Disoccupazione scuola, è caos tra Inps e Mef e a farne le spese sono gli insegnanti precari che, oltre alla traumatica perdita annuale del lavoro (i più fortunati ripartiranno a settembre con un contratto fino al prossimo giugno), dovranno fare i conti con l’impossibilità di accedere agli ammortizzatori sociali.
Dopo quello di due settimane fa degli studenti universitari in protesta contro i metodi per accedere alle graduatorie di insegnamento, ora a mobilitarsi sono quelli che un posto di lavoro lo hanno avuto, ma non gli è stato ancora riconosciuto. E così dopodomani ci sarà un nuovo presidio davanti all’Ufficio scolastico regionale (Usr) di Bologna.

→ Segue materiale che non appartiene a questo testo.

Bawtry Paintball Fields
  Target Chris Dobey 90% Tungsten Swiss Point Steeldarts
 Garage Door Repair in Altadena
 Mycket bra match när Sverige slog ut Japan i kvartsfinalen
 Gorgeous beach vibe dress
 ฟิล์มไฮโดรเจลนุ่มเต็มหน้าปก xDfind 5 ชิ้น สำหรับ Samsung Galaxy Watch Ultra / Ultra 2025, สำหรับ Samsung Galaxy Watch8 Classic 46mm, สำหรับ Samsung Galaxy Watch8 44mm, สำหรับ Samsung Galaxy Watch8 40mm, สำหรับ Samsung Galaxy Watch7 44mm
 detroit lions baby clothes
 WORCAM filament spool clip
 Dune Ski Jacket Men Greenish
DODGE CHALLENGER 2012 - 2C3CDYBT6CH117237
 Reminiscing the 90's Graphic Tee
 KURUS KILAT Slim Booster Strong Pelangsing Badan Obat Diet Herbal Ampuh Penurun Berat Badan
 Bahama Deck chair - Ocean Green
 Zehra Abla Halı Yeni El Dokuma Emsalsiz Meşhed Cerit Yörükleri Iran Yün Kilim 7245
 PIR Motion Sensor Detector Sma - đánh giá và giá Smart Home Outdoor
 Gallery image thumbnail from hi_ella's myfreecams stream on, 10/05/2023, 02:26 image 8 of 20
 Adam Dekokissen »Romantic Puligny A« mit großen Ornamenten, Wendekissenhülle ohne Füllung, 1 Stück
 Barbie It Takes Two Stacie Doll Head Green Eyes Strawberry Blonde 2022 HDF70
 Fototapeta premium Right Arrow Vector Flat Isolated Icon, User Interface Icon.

Questa volta tocca agli insegnanti precari rimasti senza il sussidio di disoccupazione (Naspi) a cui avrebbero diritto sulla base delle ore di lavoro svolte. Il motivo? Pare sia una questione burocratica legata al nuovo sistema informatico che calcola i contributi di ogni lavoratore. Infatti, da quest’anno è il ministero delle Finanze che deve trasmettere una comunicazione automatica e telematica all’Inps dei singoli contributi versati da ogni insegnante. Ma l’Ente di previdenza dice di non aver ricevuto niente e rimanda al ministero.
Il tira e molla va avanti da fine giugno: l’Inps aveva dichiarato nelle scorse settimane, a seguito delle richieste di chiarimento degli insegnanti, che sarebbe stata diramata una circolare agli uffici regionali affinché’, in caso di dubbi sulle singole domande Naspi, venisse accettata la documentazione ‘classica’ presentata dai lavoratori (contratto e cedolini).
Attualmente però, questa procedura è attiva solo in Campania e Veneto, mentre gli uffici di Bologna non hanno ancora notificato nulla ai ‘precari in attesa’. In tutto questo, “l’Ufficio Scolastico rimane in silenzio”, lamenta il coordinamento insegnanti precari del territorio. “Abbiamo chiesto più volte un incontro al direttore dell’Ufficio, senza ricevere risposta”. E così si va in piazza: “Le lungaggini burocratiche o i problemi tecnici nelle comunicazioni tra uffici pubblici non possono privarci dei nostri diritti”.